Featured Publication – The Beautiful Open Sky by Hannah Linden

Our featured publication for November and December is The Beautiful Open Sky by Hannah Linden, published by V. Press.

The Beautiful Open Sky opens with an extraordinary run of poems, heartbreaking and precise, about the damage done by a narcissistic mother. As it progresses, the poems accumulate symbols, becoming increasingly phantasmagorical, before the patterns of a new life emerge as if through broken cloud.  It works as a story, direct and emotional; but is also a meditation on how we remember – on the limits of reason and metaphor as ways of understanding the past. This is a fine model for a pamphlet: a focused set of beautiful poems, cunningly arranged, which draw power from each other. A wonderful debut.‘ Tom Sastry

Truths are slippery and sometimes sinister in this stunning exploration of familial relationships by Hannah Linden. It can be hard to know who to trust, or who is parenting whom. But there is beauty here too, and a positivity that shines through despite the odds. Self-reflective and superb, Linden’s use of language is playful and imaginative. I can’t wait to see what she does next.‘ Julia Webb

Childhood

Today the only job I have
is keeping the blackbird quiet. At first,
when she ached, she lay quietly in her box
and everything was simple. I fed her milk-soaked bread,
pretended she was my baby. Being a mother
is easy. I stroked feathers, put scaly toes
between my fingers, felt, at last,
that I belonged.

The bird was lucky. She lived and I took
her to school with me. That was when
the trouble began. The teacher didn’t
understand how to teach a bird.
The blackbird tried to tell the teacher
about flying. She hopped up to the window
and sang to the sky. But the teacher
heard the song as a lie.

An unsinging bird is a heavy load.
I wondered if I’d misunderstood
the instructions. Surely if I was
doing the job right, this wouldn’t
feel so hard. My pockets filled
with feathers and my mouth
was a soft down away from naked
terror. My bare-boneness hollowed.

I was a fragile nest holder longing
for a tree or a gap in the hedgerow.
This was no way to inspire eggs.
The blackbird pecked at the only
bit of me that was still soft, a hidden
underpart of resistance. A hole grew
to the size of an open beak, its song
so sweet the whole sky replied.

Previously published by London Grip

The Cottage in the Wood

Be careful of the stories you keep, my mother said.
Peel back their metaphors and check under their skins
before you put them into your basket.

Mother forgets, sometimes, the basket, the tightness
of its weave, how big its handle. Life was simpler
under lamp-posts. It’s hard to remember

when Mother stopped dropping breadcrumbs.
Only that the birds were angry. After they filled the sky
with loud wings and dark, cloud-heavy shadows, she

stopped looking up or back—closed the track.
And lost became normal. It almost felt
like the cottage in the wood was home.

Siblings were a dream I couldn’t let
myself coddle. Sleep, the rhythm of water that has
nowhere left to fall. Mother was a pool of cave.

The witch my mother had made for me was
a fragment of heat on the scent of gingerbread.
However much I ate, I would never be full.

Previously published by And Other Poems

The Start of the Fire

What is a witch, after all, but the story of a woman
hungry enough for children she’ll do anything to get them.

Is that really what you wanted to hear?
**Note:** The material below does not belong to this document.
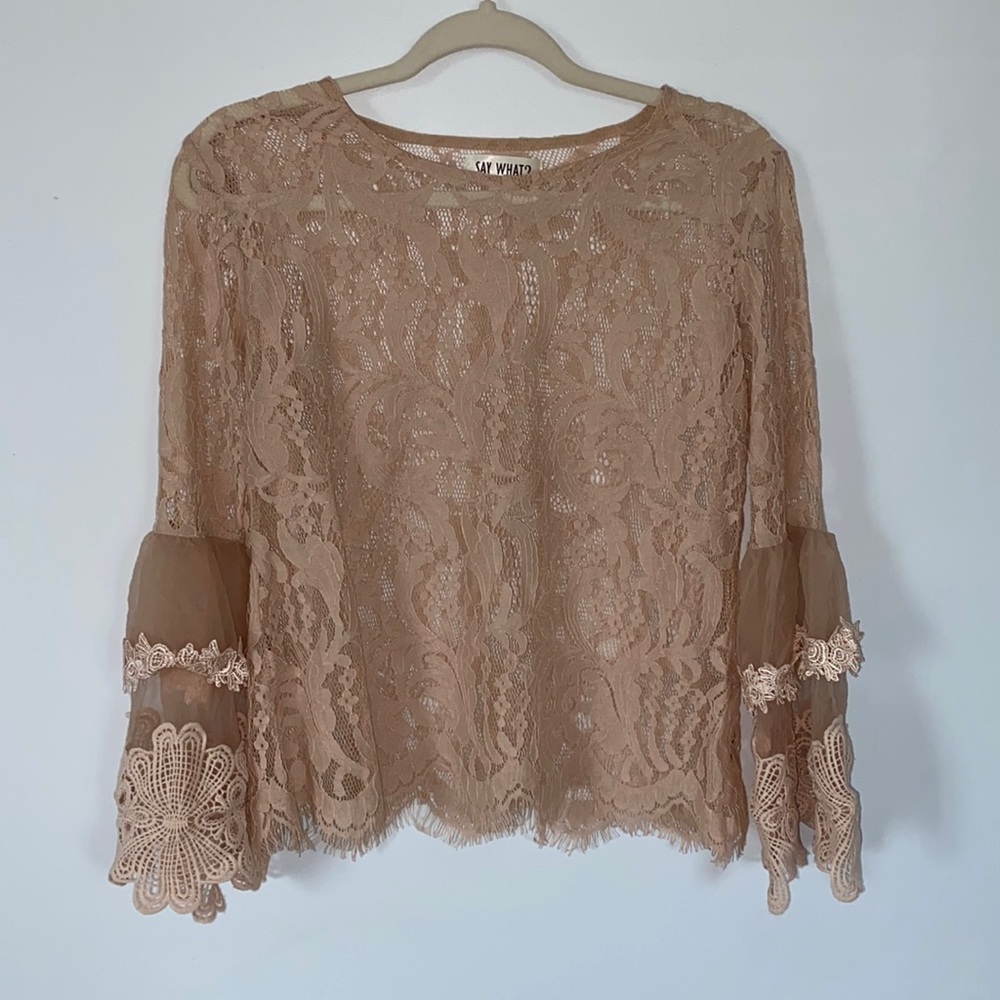 Lacey Bell Sleve Top. Size M - Picture 1 of 6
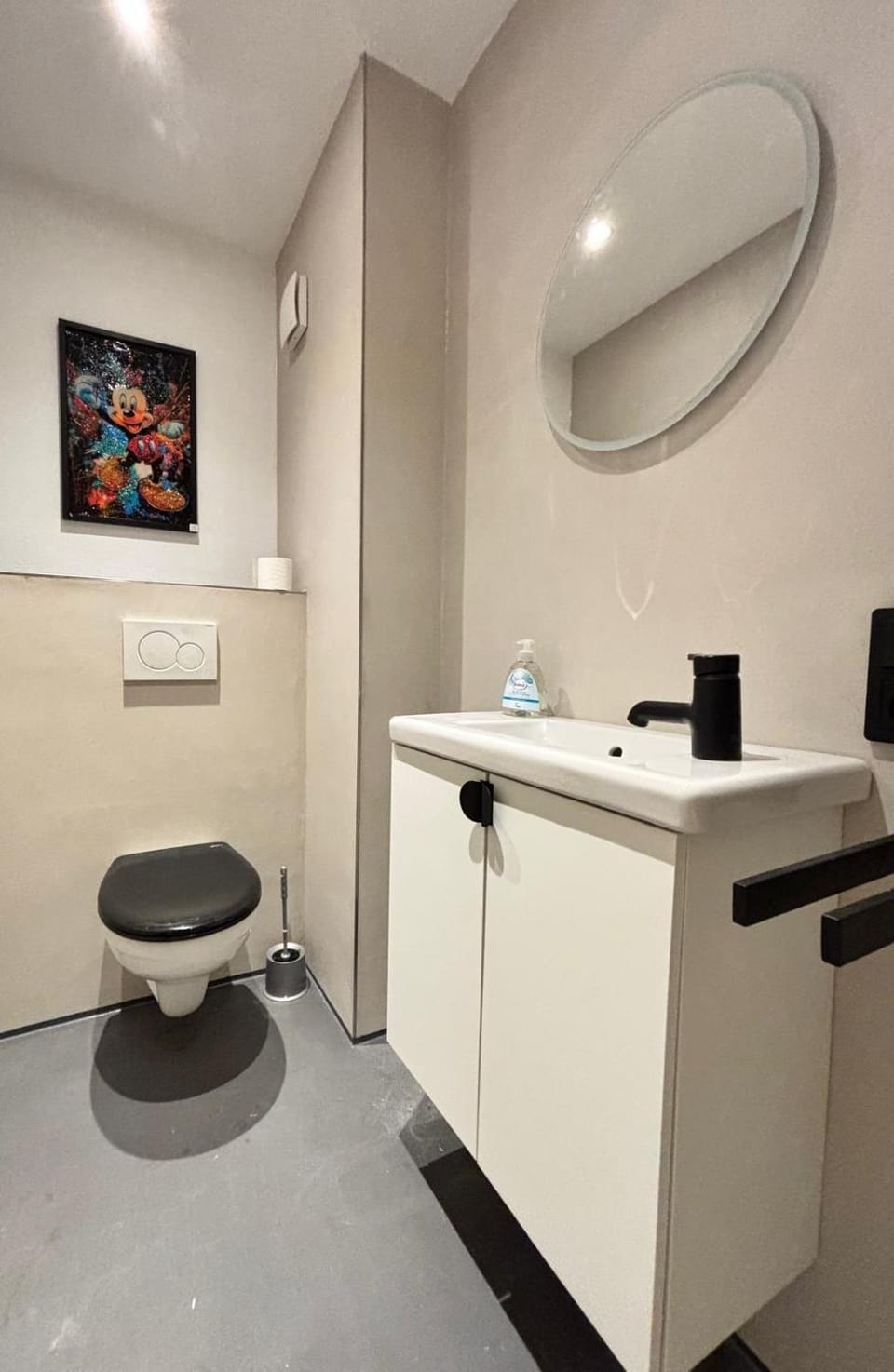 Toilet, Bathroom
Look to your sadness
and see if it is the size of abandonment.

There are many ways to put yourself back into the story.

I am walking well-trodden trails now, 
the banks of the river shored up with broken-down trees.

There has to be a way to keep the edges from falling.

Sometimes you have to let go of the monsters 
from the stories you were told.

Maybe the witch didn’t want children
but just wanted to build something so sweet

it was ridiculous.
Someone was going to bite bits out of it,

eventually.

It’s a pity children see right through to the red-hot oven of us. 
That they have no mercy.

Previously published in Domestic Cherry

Single Mother in Wonderland

I know the rabbits aren’t real, especially the one
always worrying about time. But this is the hole
I fall into when I’m trying to catch the baby.

Oh my poor children. Mothers are supposed to
know where the keys are and which doors
fit. Why are all the other children playing cards?

Please give me a pill that will make me fit into
my house. Inside me is a child and she’s
so much smaller and bigger than she should be.

My children want me to make a proper high tea.
They want to chop off my crazy, worrying head.
They want me to know how

to play the croquet game.
I don’t. I don’t. I don’t.

Hannah Linden is from a Northern working class background but has been based in rural Devon for most of her adult life, where she lives in ramshackle social housing with her two (adult and adult-cusp) children. Despite navigating depression/anxiety she has been published widely. Her most recent awards are 1st prize in the Cafe Writers Open Poetry Competition 2021 and Highly Commended in the Wales Poetry Award 2021. She is working towards her first full collection.